Over thirty years in the making, Amici Cellars is a blend of the old and the new. Preserving its legacy and producing wines of exceptional character is the unwavering commitment of proprietors John Harris and Bob Shepard, who attribute success in large part to the age-old adage “nothing replaces hard work,” but also their intuition and ability to capture the most significant opportunity in a decisive moment.

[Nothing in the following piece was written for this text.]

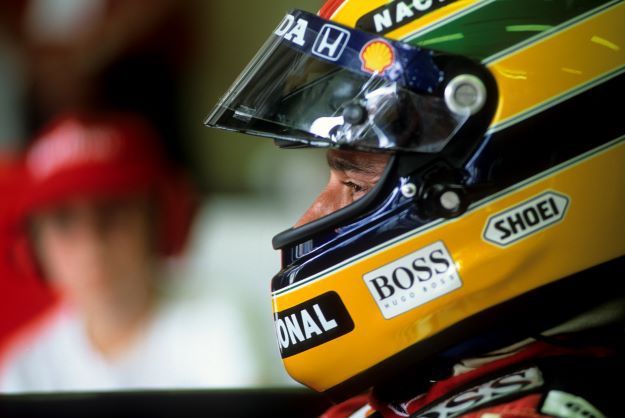 Ayrton Senna F1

The turning point was 2009, when after more than 15 years of making wine as a passion project with modest distribution, the two friends fully committed to taking their adventure and turning it into a prestigious Napa Valley winemaking estate. The United States was facing the biggest economic downturn since the 1930s, costly Cabernets no longer flying off shelves, but John and Bob have always trusted in their intuition and a core belief - bottle beautiful, high quality wines that are accessible to enjoy every day and for age-worthy collections.
They have decidedly chosen a talented team, seasoned winemaker Tony Biagi, a Napa Valley veteran with more than 25-years-experience, and associate winemaker Dante West, a rising star whose energy matches his true-to-varietal wines. Together they bring decades of relationships with outstanding growers in the field that, combined with their craftsmanship, creates the best possible capsule of each vineyard site, a combination of the soil, climate and people who farm it.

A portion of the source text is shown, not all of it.